At Manhattan's Shoreham Hotel, Editor in Chief PEGGY KENNEDY talked with the host-owners of very different inns. VALERIE MNUCHIN ROZEN works at her family 's twenty-five-room, luxury Mayflower Inn in Washington, Connecticut; CAROLYN RIVERS, started her Phoebe Pember House, a holistic bed-and-breakfast in a historic Charleston, South Carolina house; and SUZIE BLANCHARD and her husband run the eight-room Inn at Meander, a Colonial plantation in rural Locust Dale, Virginia, where Suzie also holds cooking classes.

PEGGY: Suzie, I gather that your guests are welcome to bring their horses?
And their dogs-- but they have to look after their animals themselves. Virginia is horse country, and there are wonderful trails nearby. The plantation goes back to the early 1700s and has eighty acres and all sorts of outbuildings. So even after ten years, we're still constantly renovating and landscaping.

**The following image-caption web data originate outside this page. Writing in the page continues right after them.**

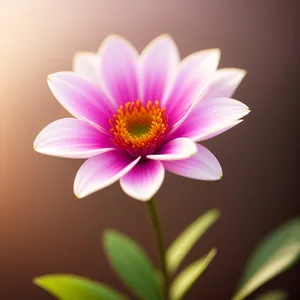 Vibrant Pink Lotus Blossom in Full Bloom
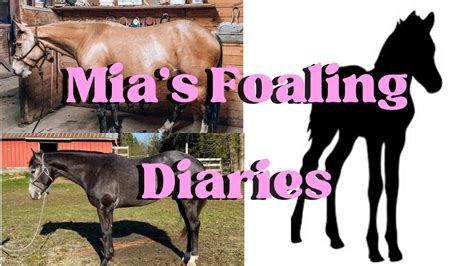 My Broodmare’s Feed Routine | Mia’s Foaling Diaries 1/27/2023 - YouTube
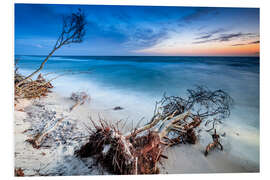 Foam board print Evening mood on the Baltic coast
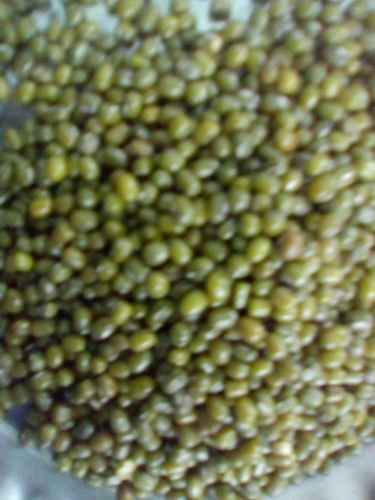 हरी बाजरे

VALERIE: For us too it never stops. It can't.

PEGGY: So many people dream of having a beautiful property and making a go of it as it as an inn. Was this a second career for you and your husband, Suzie?

SUZIE: Yes, I was a food editor for Chicago papers and I wanted to go back to my Southern roots.

PEGGY: How did you al determine what sort of inn to start -- and discover how to make it special?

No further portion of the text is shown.